# GIVEN ENTRIES
==============================
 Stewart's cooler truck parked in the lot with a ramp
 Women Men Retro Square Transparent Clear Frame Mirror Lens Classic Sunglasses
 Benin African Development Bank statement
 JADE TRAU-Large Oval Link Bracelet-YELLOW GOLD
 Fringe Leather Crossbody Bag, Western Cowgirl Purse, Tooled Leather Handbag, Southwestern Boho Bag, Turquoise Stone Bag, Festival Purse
==============================
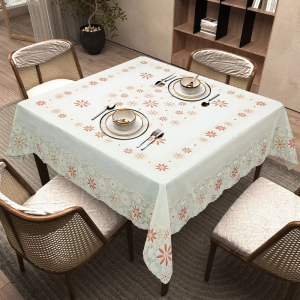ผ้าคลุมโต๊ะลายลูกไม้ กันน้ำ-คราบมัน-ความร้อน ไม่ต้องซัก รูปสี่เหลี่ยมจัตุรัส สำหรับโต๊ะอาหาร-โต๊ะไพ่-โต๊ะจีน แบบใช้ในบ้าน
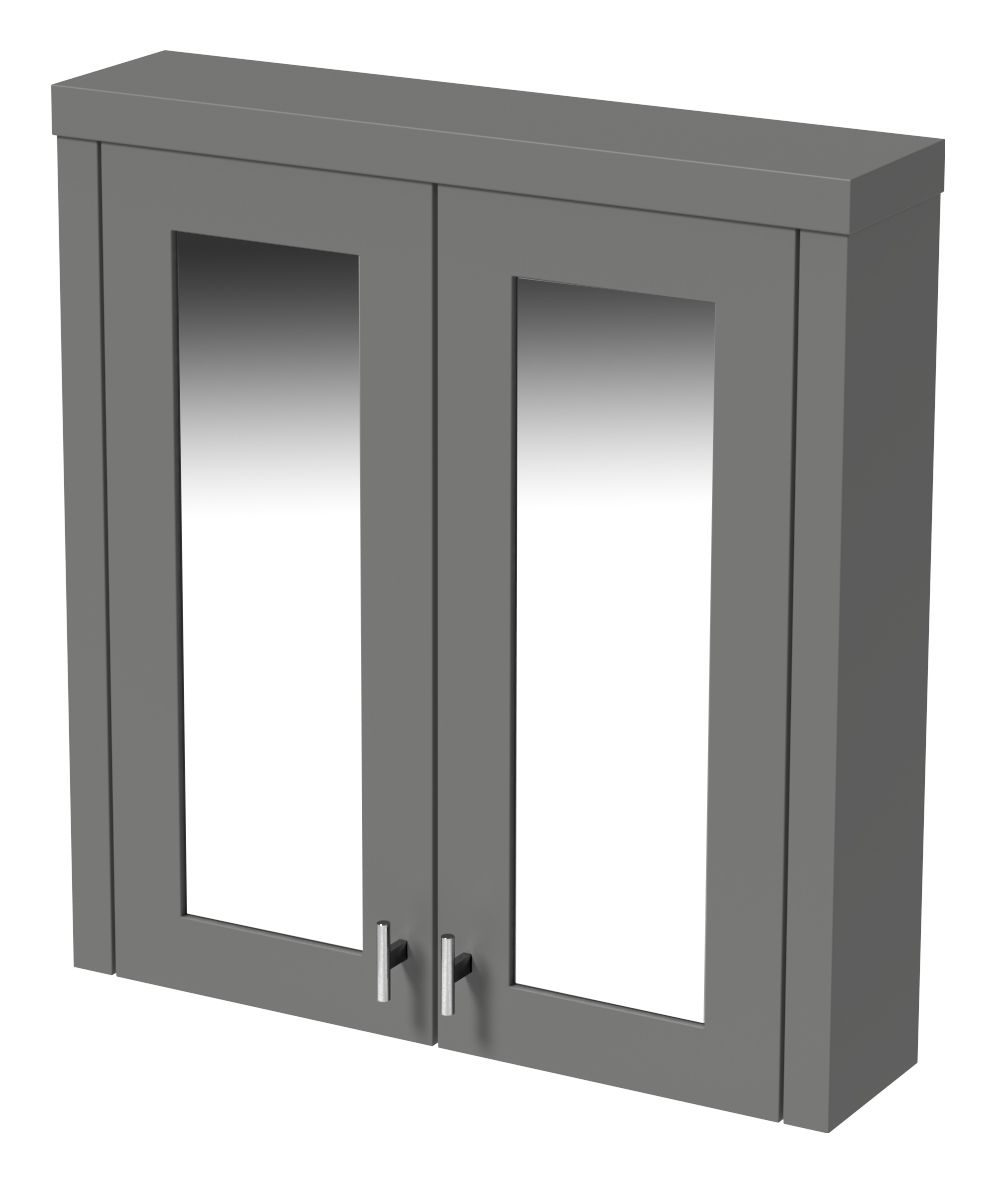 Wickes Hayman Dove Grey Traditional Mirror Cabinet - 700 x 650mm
==============================
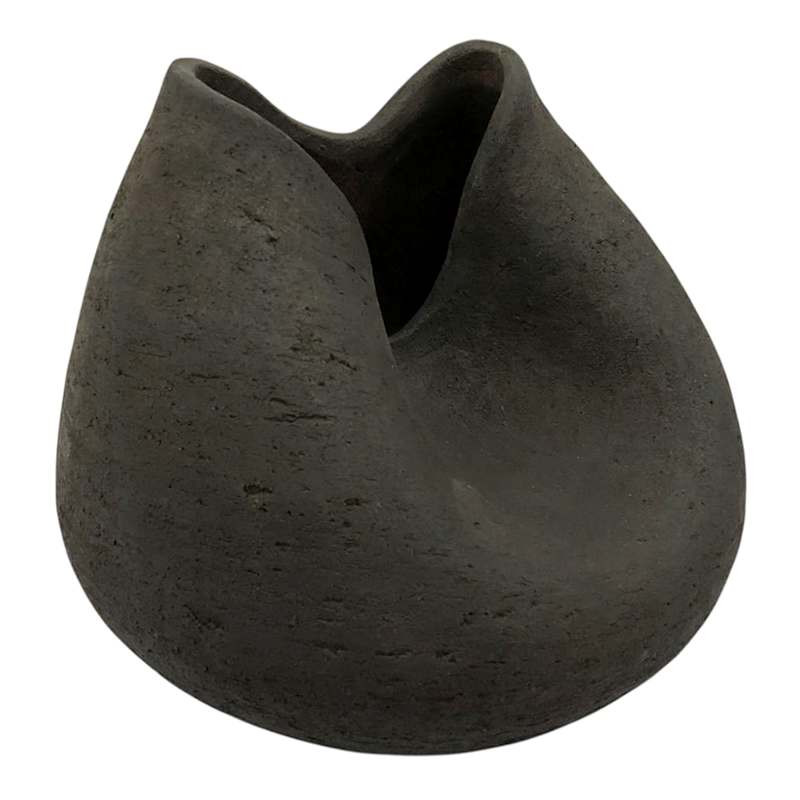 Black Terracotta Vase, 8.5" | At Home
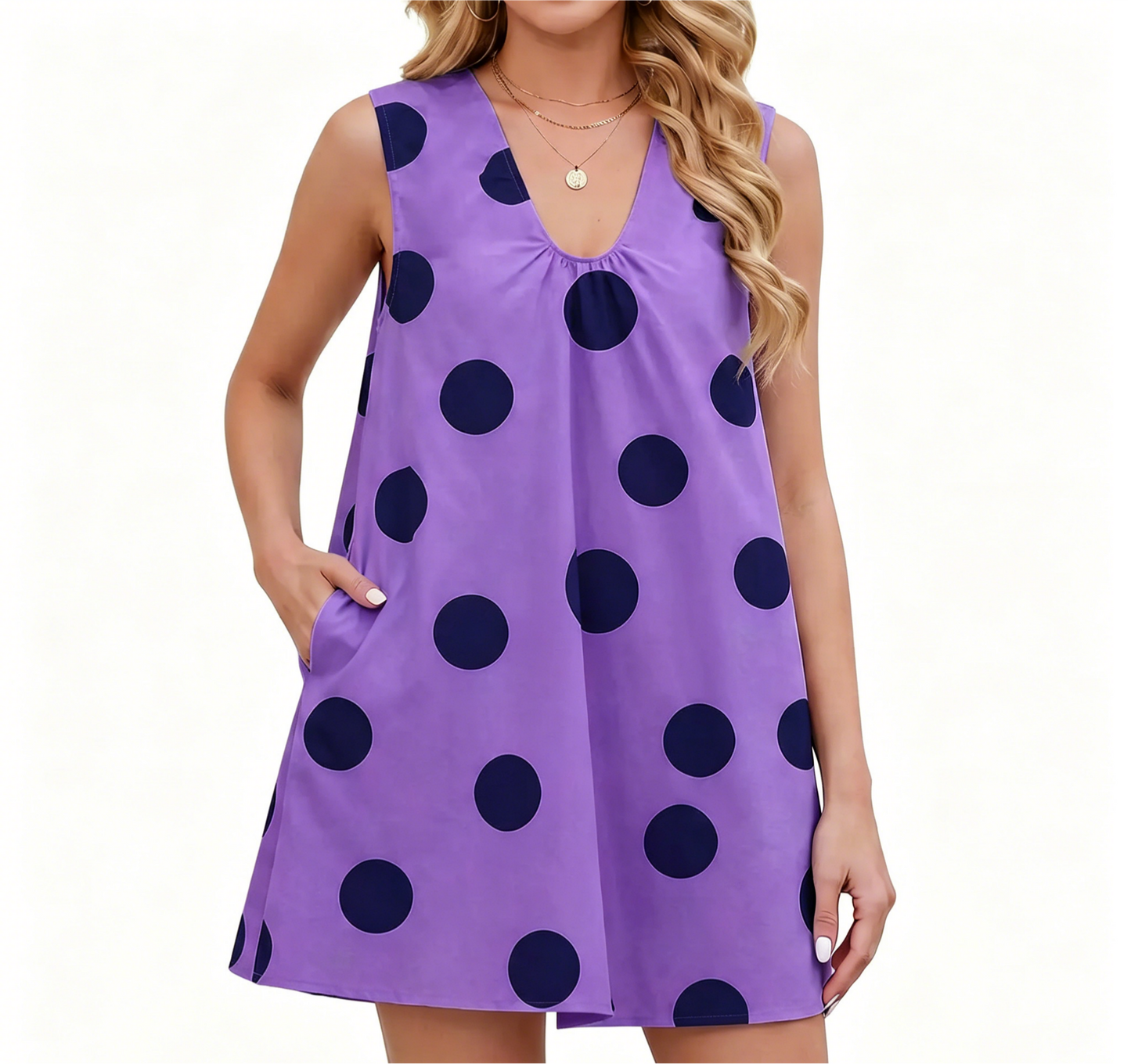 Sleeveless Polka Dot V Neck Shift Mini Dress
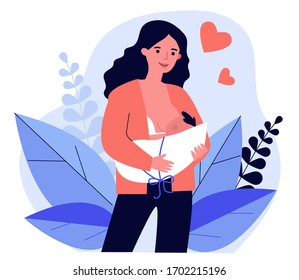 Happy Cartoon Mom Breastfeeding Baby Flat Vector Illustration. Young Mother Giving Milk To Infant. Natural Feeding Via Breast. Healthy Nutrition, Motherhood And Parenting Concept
==============================
# EXERCISE DIRECTIONS
In the records above, find the line with "Sleeveless Polka Dot V Neck Shift Mini Dress" and the line with "Happy Cartoon Mom". Write out exactly those lines and every one between, with no pictures and no other lines.

# RESULT OF THIS TASK
 Sleeveless Polka Dot V Neck Shift Mini Dress
 Happy Cartoon Mom Breastfeeding Baby Flat Vector Illustration. Young Mother Giving Milk To Infant. Natural Feeding Via Breast. Healthy Nutrition, Motherhood And Parenting Concept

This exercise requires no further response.